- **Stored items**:
* * * * * * * * *

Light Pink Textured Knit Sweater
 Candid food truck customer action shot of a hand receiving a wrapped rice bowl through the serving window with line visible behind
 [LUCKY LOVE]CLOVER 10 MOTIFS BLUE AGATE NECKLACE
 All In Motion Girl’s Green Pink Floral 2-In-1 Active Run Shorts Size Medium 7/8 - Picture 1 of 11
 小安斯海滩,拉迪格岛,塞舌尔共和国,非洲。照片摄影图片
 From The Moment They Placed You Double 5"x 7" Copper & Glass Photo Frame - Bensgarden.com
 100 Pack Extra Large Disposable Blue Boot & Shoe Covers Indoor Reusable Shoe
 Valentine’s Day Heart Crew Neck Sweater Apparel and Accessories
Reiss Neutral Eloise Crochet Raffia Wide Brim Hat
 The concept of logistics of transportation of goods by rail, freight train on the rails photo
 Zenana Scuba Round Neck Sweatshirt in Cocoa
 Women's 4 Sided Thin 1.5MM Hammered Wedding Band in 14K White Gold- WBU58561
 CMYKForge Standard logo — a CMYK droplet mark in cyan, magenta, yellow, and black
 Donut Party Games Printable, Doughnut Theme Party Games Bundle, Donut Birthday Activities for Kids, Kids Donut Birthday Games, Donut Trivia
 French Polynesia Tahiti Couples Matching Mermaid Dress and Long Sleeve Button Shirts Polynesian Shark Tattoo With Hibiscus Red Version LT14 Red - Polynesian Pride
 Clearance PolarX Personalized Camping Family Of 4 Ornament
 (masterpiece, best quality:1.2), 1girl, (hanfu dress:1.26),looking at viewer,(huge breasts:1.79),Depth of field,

* * * * * * * * *

- **TASK PROMPT**:
In the data above, which lines lie between the line with "From The Moment" and the line with "The concept of", inclusive? Print those lines exactly and nothing else.

- **ANSWER SPACE**:
 From The Moment They Placed You Double 5"x 7" Copper & Glass Photo Frame - Bensgarden.com
 100 Pack Extra Large Disposable Blue Boot & Shoe Covers Indoor Reusable Shoe
 Valentine’s Day Heart Crew Neck Sweater Apparel and Accessories
Reiss Neutral Eloise Crochet Raffia Wide Brim Hat
 The concept of logistics of transportation of goods by rail, freight train on the rails photo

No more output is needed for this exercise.